# TASK OBJECTIVE
Pictures aside, the output must consist of the lines from the one containing "932 SE Kierra" through the end of the data, reproduced exactly.
^^^^^^^^
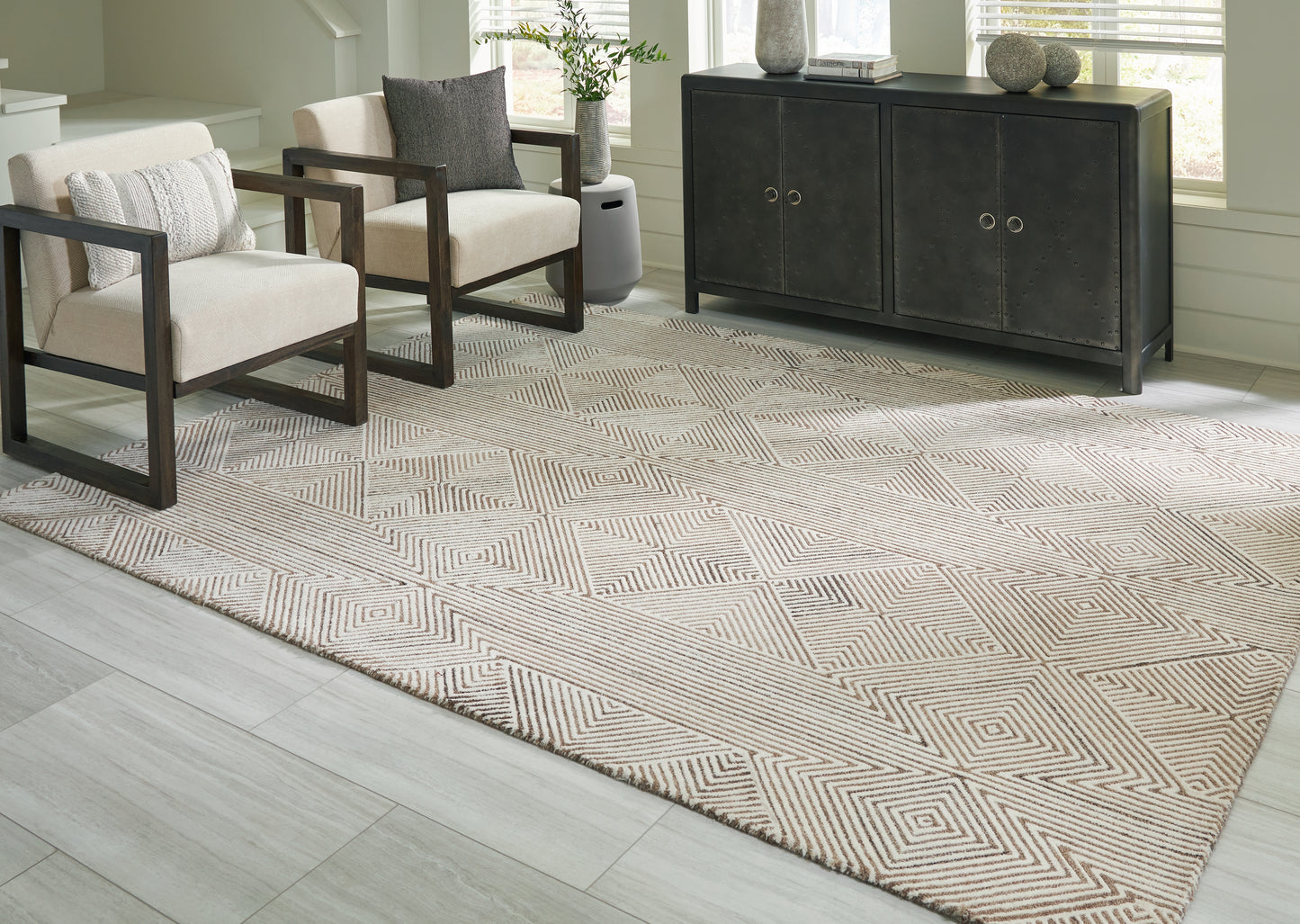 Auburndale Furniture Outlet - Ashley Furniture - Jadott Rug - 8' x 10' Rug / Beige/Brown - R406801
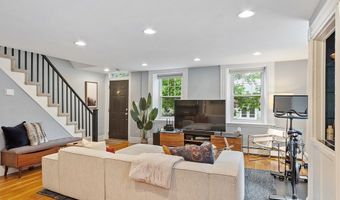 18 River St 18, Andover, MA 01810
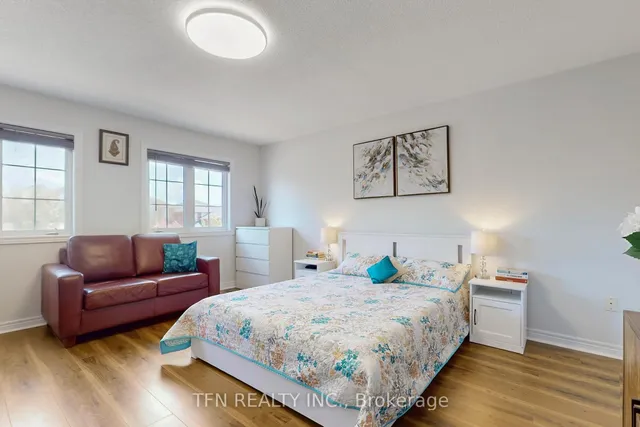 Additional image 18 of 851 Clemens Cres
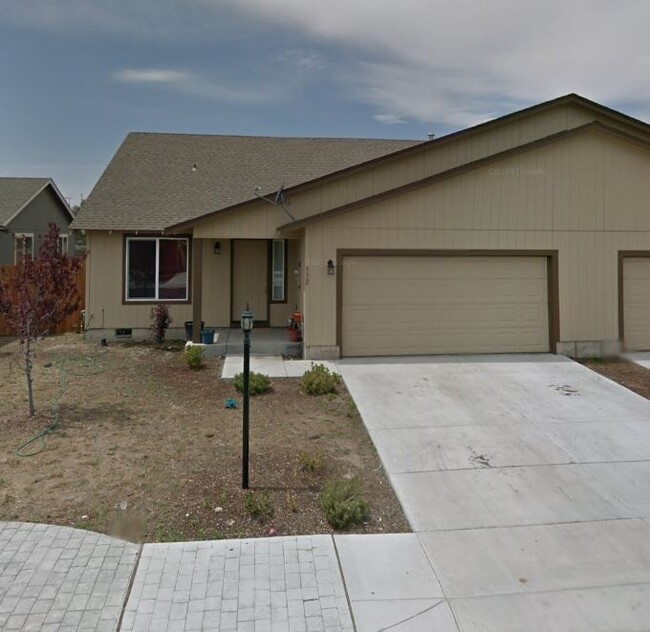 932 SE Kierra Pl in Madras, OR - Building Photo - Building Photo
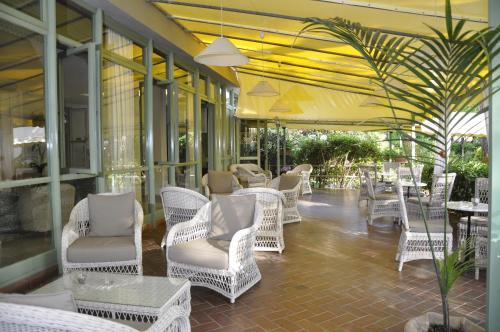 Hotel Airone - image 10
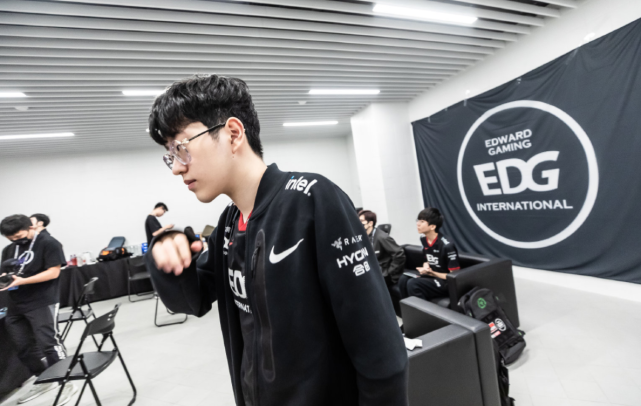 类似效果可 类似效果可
^^^^^^^^
# WRITTEN ANSWER
 932 SE Kierra Pl in Madras, OR - Building Photo - Building Photo
 Hotel Airone - image 10
 类似效果可 类似效果可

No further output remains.